The players can change the calculus as well. It wasn’t that long ago that Jeff Francoeur looked like a good right-handed complement to a struggling Gregory Polanco; it was reported here and elsewhere that the Pirates were interested. Now, with Polanco playing the best baseball of his brief career, is the need that great? And, as I’ve heard around baseball this month, given what Francoeur would bring in return -- not much -- is it even worth it for the Phillies to trade him?
The Pirates’ infield is more secure now, with Aramis Ramirez and Jung Ho Kang. The Ramirez acquisition probably takes the Pirates away from Cliff Pennington and Clint Barmes, whom I was told the Pirates had interest in.
So what’s left?
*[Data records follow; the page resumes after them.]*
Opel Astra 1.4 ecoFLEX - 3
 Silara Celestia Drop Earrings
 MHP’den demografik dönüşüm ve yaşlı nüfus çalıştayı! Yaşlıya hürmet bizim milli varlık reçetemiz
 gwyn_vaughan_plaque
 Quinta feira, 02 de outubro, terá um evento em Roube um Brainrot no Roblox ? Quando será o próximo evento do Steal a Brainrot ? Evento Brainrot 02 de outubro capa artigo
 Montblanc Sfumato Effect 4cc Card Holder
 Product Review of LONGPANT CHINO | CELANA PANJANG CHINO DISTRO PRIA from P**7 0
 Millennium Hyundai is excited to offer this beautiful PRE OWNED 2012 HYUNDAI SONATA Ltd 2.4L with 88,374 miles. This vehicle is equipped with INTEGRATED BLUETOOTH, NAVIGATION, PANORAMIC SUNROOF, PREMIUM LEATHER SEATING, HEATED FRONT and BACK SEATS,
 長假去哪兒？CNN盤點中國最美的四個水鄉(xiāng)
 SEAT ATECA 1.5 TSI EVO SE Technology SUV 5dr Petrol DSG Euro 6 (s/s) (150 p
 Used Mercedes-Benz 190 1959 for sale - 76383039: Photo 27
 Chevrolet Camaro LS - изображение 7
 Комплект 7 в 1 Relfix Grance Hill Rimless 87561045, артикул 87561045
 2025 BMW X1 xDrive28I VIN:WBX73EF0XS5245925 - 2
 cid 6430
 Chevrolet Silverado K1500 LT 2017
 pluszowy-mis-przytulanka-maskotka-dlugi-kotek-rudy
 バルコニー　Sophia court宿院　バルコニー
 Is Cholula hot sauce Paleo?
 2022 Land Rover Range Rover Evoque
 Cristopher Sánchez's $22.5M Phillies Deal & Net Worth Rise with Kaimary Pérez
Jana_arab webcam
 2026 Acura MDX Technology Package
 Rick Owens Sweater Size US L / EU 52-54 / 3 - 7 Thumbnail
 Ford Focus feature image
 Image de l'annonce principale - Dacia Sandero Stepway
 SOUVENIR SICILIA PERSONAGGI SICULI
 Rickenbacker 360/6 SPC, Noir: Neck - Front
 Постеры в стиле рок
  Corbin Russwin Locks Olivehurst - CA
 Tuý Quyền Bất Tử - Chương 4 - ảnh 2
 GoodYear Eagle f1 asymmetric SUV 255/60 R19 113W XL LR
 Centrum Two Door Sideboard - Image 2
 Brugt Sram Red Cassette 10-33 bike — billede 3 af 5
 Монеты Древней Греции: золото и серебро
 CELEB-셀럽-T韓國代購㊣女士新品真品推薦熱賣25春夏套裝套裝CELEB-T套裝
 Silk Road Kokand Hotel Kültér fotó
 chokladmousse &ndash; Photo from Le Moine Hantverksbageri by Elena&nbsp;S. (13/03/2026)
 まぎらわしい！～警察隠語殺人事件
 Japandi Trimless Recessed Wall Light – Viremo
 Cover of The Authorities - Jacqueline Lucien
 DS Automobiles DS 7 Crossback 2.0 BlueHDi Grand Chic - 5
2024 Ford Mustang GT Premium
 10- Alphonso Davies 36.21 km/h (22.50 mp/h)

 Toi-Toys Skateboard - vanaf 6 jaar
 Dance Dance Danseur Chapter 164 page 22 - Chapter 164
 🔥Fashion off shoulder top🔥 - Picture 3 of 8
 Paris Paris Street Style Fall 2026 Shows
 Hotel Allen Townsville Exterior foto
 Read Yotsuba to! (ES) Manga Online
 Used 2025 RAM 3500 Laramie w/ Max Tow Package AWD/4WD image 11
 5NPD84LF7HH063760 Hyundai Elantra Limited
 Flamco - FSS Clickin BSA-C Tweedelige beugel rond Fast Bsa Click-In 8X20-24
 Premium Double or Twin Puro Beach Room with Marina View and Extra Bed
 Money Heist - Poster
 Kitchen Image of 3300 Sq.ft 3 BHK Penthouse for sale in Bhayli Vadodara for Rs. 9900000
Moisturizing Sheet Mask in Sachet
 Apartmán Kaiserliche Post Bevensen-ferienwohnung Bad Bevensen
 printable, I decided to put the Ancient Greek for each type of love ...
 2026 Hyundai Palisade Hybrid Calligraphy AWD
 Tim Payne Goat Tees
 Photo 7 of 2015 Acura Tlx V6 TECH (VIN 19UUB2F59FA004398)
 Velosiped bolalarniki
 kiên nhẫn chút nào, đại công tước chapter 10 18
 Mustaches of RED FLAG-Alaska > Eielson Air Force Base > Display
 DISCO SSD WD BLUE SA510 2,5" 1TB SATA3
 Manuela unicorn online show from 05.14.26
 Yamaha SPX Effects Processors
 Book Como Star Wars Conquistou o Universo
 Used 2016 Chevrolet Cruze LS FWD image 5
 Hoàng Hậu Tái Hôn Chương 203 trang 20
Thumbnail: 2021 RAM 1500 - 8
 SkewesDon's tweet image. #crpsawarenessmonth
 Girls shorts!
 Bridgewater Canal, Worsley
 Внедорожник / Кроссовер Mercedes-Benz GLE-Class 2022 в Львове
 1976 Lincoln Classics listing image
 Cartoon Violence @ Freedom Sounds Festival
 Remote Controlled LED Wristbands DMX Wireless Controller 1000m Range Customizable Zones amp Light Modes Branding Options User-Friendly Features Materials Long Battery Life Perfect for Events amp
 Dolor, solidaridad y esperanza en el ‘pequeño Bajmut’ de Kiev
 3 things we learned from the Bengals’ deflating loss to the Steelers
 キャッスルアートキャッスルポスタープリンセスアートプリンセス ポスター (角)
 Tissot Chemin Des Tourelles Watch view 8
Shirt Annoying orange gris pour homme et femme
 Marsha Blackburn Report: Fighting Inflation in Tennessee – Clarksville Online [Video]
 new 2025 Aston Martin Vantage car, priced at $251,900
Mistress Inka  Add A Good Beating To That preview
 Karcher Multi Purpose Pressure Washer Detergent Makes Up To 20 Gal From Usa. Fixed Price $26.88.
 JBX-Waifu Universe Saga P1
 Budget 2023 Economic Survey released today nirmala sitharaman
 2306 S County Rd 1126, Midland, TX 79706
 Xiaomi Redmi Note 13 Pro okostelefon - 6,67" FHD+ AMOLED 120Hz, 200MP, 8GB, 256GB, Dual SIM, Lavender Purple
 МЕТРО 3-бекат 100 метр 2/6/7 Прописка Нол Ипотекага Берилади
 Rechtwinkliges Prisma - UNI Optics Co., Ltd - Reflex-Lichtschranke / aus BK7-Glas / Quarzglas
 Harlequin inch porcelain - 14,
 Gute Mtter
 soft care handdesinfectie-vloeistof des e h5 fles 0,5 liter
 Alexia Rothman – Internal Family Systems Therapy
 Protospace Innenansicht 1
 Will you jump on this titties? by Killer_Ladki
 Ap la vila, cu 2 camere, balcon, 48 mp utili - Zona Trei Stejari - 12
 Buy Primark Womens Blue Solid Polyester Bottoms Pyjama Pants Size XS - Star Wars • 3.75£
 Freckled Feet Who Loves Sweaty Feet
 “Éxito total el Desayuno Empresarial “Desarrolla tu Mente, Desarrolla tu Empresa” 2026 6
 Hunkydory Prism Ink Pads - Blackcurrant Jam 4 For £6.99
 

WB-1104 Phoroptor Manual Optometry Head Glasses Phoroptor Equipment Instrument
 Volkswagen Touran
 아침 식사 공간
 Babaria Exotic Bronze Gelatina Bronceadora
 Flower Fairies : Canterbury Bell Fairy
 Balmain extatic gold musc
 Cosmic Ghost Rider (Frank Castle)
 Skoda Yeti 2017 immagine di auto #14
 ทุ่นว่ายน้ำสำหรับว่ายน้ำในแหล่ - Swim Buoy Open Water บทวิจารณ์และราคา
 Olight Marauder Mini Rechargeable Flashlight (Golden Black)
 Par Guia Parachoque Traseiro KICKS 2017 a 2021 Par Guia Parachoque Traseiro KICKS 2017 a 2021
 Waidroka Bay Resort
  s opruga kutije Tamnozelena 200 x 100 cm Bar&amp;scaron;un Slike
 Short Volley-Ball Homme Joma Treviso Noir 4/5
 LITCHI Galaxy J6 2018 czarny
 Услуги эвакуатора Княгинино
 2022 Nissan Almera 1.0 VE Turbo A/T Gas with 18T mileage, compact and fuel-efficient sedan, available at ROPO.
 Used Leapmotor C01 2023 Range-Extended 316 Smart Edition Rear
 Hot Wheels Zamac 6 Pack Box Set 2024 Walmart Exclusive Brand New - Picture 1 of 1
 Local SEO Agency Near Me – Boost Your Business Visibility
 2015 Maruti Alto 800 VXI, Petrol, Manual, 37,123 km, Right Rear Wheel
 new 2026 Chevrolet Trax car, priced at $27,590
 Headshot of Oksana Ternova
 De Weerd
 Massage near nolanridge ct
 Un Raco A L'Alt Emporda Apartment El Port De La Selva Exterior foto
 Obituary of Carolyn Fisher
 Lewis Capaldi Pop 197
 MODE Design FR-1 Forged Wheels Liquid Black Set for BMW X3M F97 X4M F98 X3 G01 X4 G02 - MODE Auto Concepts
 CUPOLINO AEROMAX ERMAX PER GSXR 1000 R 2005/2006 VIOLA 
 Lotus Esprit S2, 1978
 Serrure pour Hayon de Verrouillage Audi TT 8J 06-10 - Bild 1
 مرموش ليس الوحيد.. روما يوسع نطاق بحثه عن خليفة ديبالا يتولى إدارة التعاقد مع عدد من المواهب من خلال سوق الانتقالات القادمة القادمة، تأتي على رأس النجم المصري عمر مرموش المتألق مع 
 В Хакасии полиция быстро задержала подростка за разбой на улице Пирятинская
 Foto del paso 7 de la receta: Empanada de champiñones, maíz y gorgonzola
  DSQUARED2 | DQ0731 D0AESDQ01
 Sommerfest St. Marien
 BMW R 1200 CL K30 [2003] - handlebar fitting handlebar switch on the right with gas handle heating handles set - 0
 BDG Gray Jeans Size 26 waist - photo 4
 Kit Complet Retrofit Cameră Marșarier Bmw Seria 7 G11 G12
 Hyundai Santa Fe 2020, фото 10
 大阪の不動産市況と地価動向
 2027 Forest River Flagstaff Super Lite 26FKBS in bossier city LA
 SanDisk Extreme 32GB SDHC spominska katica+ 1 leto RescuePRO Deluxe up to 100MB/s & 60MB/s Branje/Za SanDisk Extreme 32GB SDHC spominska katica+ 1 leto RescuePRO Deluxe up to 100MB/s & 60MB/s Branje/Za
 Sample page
The rotation, the bullpen, first base and the bench. The rotation market might not become clear until Thursday or Friday, when the Tigers, 3-7 in their past 10, losers of three in a row and 41/2 games out of the wild card, decide whether to go for it or sell. If they sell, David Price becomes the most interesting name available. James Shields and Tyson Ross of the Padres could be moved; so could Cole Hamels, in the never-ending soap opera surrounding the Philadelphia left-hander. But with Ruben Amaro possibly not long for his job, Pat Gillick stepping down soon and Andy MacPhail getting up to speed, who in the Philly front office will pull the trigger on a franchise-shaping trade?
Mike Leake could still go. Dan Haren? Yovani Gallardo?
Outside of closers like Craig Kimbrel and Aroldis Chapman, the relief market is less clear. The Pirates have done a good job building cheap bullpens in recent years, and this could be an area they strengthen in a waiver trade if nothing comes together by Friday at 4 p.m. I haven’t heard them on any specific relievers, but given what Arquimedes Caminero has done recently, another seventh-inning guy wouldn’t hurt.
Regarding the bench, a sample starting lineup against a righty in an NL Park:
Bench: Rodriguez, Ishikawa (L), Decker (L), Florimon (S), Stewart
Now consider the possible Aug. 31 lineup:
Bench: Harrison, Mercer, Rodriguez, Stewart, take your pick
The question is, can they find a bench player who is enough of an upgrade to make it worth acquiring him for a month, but can be had for a small enough acquisition cost?
First base is the conundrum. I’ve heard since the winter meetings that Alvarez has been available, even offered; that has picked up this month. But they’ve had no takers. Pedro Alvarez is having a poor offensive season, not showing the power potential nor the ability to get hot and carry the team. His defense at first base is by all measures the worst by any regular player at the position. And if they can’t trade Alvarez, they can’t upgrade. With a five-man bench, they will be hard-pressed to carry two players who play only first base.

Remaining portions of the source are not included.